- DESCRIPTION OF THE TASK -
Go through the records and copy each line where the string "Plate" occurs.

(Crawled caption data)
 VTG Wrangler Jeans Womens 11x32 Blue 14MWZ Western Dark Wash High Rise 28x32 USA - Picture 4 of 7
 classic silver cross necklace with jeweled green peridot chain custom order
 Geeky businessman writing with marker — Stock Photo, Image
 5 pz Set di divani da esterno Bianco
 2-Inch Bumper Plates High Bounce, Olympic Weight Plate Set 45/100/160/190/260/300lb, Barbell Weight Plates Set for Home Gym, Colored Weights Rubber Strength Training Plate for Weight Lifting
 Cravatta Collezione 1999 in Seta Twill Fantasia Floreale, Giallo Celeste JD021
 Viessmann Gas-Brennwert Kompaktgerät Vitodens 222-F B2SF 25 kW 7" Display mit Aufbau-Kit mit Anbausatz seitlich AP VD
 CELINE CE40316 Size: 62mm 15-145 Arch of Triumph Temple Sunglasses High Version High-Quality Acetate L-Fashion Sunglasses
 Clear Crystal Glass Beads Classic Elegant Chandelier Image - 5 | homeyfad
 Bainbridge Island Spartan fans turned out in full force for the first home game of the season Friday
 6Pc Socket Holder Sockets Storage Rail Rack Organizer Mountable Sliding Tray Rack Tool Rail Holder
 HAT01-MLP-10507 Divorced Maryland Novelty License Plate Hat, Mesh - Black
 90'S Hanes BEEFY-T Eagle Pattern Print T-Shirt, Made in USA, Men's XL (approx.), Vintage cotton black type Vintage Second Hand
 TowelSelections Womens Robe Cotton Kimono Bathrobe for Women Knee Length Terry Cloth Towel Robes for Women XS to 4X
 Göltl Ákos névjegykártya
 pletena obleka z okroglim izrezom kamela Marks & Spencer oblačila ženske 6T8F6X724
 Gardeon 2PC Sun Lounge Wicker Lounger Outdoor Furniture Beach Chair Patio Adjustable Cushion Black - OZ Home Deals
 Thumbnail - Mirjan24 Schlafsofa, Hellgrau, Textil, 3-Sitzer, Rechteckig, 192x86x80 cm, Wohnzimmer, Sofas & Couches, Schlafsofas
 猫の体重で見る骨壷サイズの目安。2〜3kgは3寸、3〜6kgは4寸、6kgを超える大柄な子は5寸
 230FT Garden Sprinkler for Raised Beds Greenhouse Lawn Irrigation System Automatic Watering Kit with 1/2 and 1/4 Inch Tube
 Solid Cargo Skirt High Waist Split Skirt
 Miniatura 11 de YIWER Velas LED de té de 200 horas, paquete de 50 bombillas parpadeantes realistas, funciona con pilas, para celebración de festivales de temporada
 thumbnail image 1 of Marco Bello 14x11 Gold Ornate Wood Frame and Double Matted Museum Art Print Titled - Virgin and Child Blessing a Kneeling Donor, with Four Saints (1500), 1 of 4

- OUTPUT FOR THIS EXERCISE -
 2-Inch Bumper Plates High Bounce, Olympic Weight Plate Set 45/100/160/190/260/300lb, Barbell Weight Plates Set for Home Gym, Colored Weights Rubber Strength Training Plate for Weight Lifting
 HAT01-MLP-10507 Divorced Maryland Novelty License Plate Hat, Mesh - Black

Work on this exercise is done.